Le sommeil n’arrive pas. Sans cesse des images, tout plein. On ne peut pas oublier ses fautes, pas complètement, même si “ses” ne sont pas vraiment “mes”, je n’étais presque plus moi…. Jamais je n’aurais… Pourtant.

Alors je m’assois dans le lit et reprends le carnet que j’ai acheté après le bar, pour continuer à écrire mes souvenirs du trou. Je note des noms : Jean-Pierre Le Dantec, Michel Le Bris, Alain Geismar… ébauche des débuts de dialogues, mémoire brute, qu’il faudra remettre en forme par la suite :

— Pourquoi est-ce que vous êtes là ?, nous demande un prisonnier comme nous.

— Tu vas commencer par me tutoyer, l’ami, lui répond Michel. Où as-tu vu un rapport de hiérarchie entre nous ?

— C’est que vous venez de dehors… Vous deux et les autres, c’est différent

— Quoi, différent ? Nous sommes des êtres humains comme toi. Moi je suis ici pour avoir pris la suite de Jean-Pierre… tu le connais ? (Il lui fait un signe d’acquiescement de la tête). Nous publions La cause du peuple, interdite par le pouvoir en utilisant une loi sur la presse qui date de …Vichy ! Ils ne cachent même pas leur idéologie, les bougres !

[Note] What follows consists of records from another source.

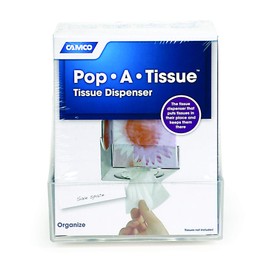 Camco Pop-A-Tissue- Tisssue Box Holder- Mounts to Walls and Cabinets, Dispenses Tissue and Holds Tissue Boxes Upward or Downward- Perfect for RVs and Trailers, Easy Install - Clear (57101)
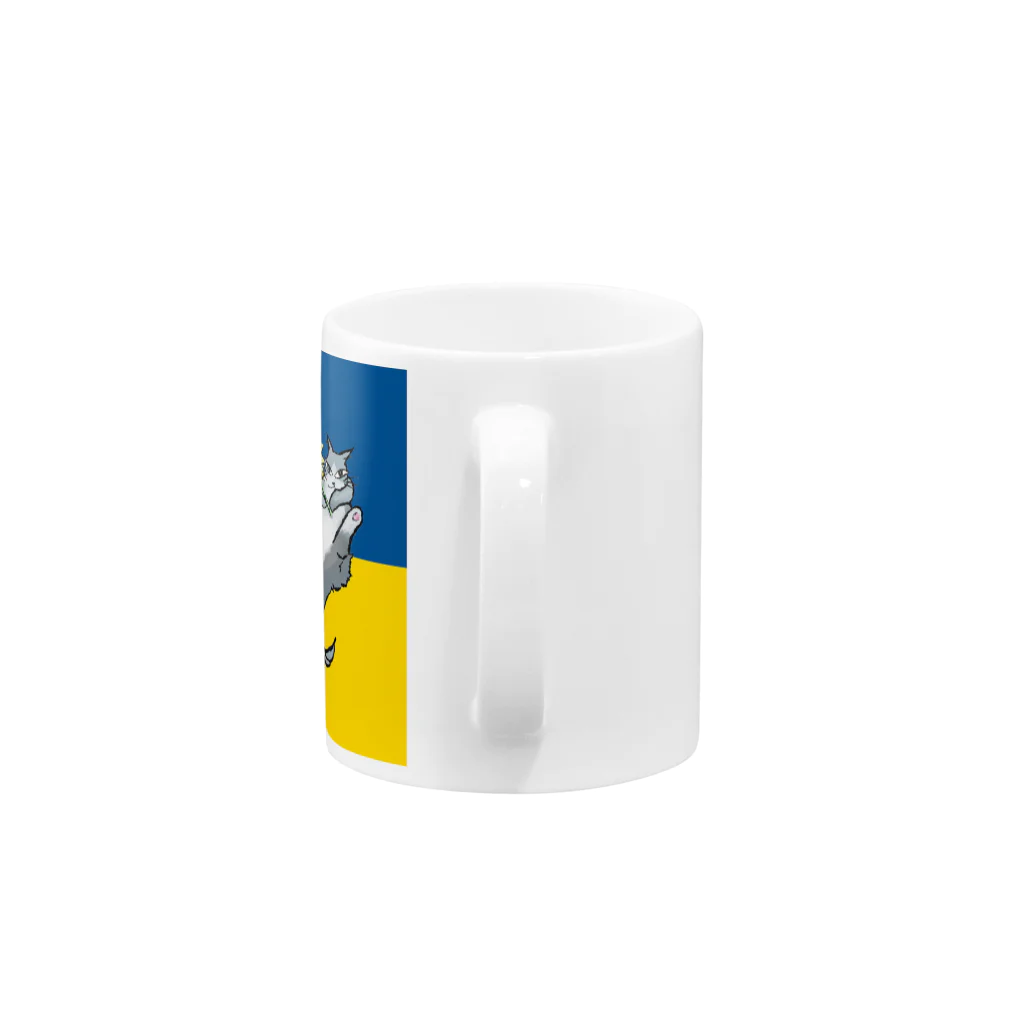 ハチワレ俱楽部のウクライナ支援グレイハチワレくん Mug :handle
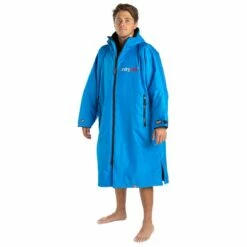 Dryrobe Long Sleeve - Cobalt Blue / Black -RED PADDLE CO. Sales dryrobe advance long sleeve cobalt blue black man side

Avait-il dit « les bougres » ? « Les cons » ? « Sales fascistes ? »… Je ne me souviens plus… Ai-je le droit, moral, de mettre « les bougres » s’il ne l’a pas dit ? Je me souviens juste que je ressentis quelque chose de bizarre, contradictoire et complexe à la fois. D’une part je luttais alors, à mon retour à la case prison – sans passer par la case nouveau départ, sans toucher les 20 000 Francs et ne jamais avoir la chance d’acheter des rues ou des gares, même pas une nouvelle conduite toute vierge –, ­je luttais pour devenir un prisonnier de luxe, un prisonnier politique. Je faisais partie désormais, un peu, de cette bande-là, puisque j’étais entré avec eux, puisque j’étais là par fraternité avec les exploités. Et pourtant, une fois arrivé au niveau de ces derniers, au plus bas, “nous” essayions de créer des hiérarchies dans la misère pour échapper à leur sort… Et j’étais quand même heureux d’être un prisonnier mystique, mû par de grands idéaux, et de pouvoir aider les autres, mes frères anonymes de détention dans cette grande masse qui passait par vagues successives, un peu plus dans les yeux, sans pouvoir me comparer aux voleurs, aux petites frappes, aux délinquants égoïstes. Et même les délits de la faim : m’imaginer être leur sauveur. Et pourtant je me comparais encore à des prisonniers pour constater que je montais d’un grade parmi cette communauté de référence. Alors que si je regarde plus haut, vers mes compagnons de collège ou de lycée, ceux avec qui je partais à égalité ou presque dans la cour de l’école, quelle infâme merde suis-je devenu ! Je suis un idiot qui est heureux de battre au vélo des grabataires en fauteuils roulants, qui a gardé le braquet de montagne alors qu’il roule sur le plus pitoyable des plats… (La vengeance, qui se mange froid ?)

« Les bougres » ou « les sales fascistes » ? Et je m’arrête là pour trancher cette question en remettant la couette sur mes épaules.